- Venue: Harold's Cross Stadium
- Location: Dublin
- End date: 28 August
- Total prize money: Winner £320

= 1936 Irish Greyhound Derby =

Dog racing event

The 1936 Irish Greyhound Derby took place during August with the final being held at Harold's Cross Stadiumin Dublin on August 28.

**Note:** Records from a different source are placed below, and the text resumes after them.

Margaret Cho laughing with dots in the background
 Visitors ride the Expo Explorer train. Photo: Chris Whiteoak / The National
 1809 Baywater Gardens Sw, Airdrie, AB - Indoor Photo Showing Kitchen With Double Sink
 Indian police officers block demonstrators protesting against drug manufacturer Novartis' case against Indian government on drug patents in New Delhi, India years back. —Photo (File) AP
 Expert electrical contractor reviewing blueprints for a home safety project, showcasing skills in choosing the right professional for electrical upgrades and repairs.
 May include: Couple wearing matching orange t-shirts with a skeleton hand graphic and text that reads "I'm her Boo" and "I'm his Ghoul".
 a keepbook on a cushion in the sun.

The winner Minstrel Rover won £320 and was owned and trained by Michael Sheehan. The trophy was presented by the Lord Mayor, the Right Honorable Alfie Byrne.

== Final result ==
At Harolds Cross, 28 August (over 525 yards):

| Position | Name of Greyhound | Breeding | Trap | SP | Time | Trainer |
|---|---|---|---|---|---|---|
| 1st | Minstrel Rover | Dick the Rover - Hogans Choice | 1 | 3-1cf | 30.48 | Michael Sheehan |
| 2nd | Negro's Equal | Slanebeg - Caw's Nonnie | 4 | 3-1cf | 30.52 |  |
| 3rd | Bhang |  | 3 | 4-1 | 30.60 |  |
| unplaced | Good Trump | Eagle's Beak - Good One |  | 10-1 |  | Yeates |
| unplaced | Moresby | Roving Bunty – False Colleen |  | 3-1cf |  |  |
| unplaced | Toll the Bell | Other Days - Sauce Bottle |  | 10-1 |  | Yeates |

=== Distances ===
½, 1

==Competition Report==
First season owner trainer Michael Sheehan purchased two greyhounds for £85 one of which was a greyhound called Minstrel Rover. In the first round Negro's Equal went fastest in 30.29 and in round two Negro's Equal carried Minstrel Rover wide which allowed Formal Hope to win in 30.33. In the first semi-final Minstrel Rover defeated Negro's Equal in 30.33 before Formal Hope was eliminated and Good Trump defeated Bhang by six lengths.

In the final Minstrel Rover held off a strong finish from the unlucky Negro's Equal. Bhang finished third with Irish St Leger champion Moresby unplaced.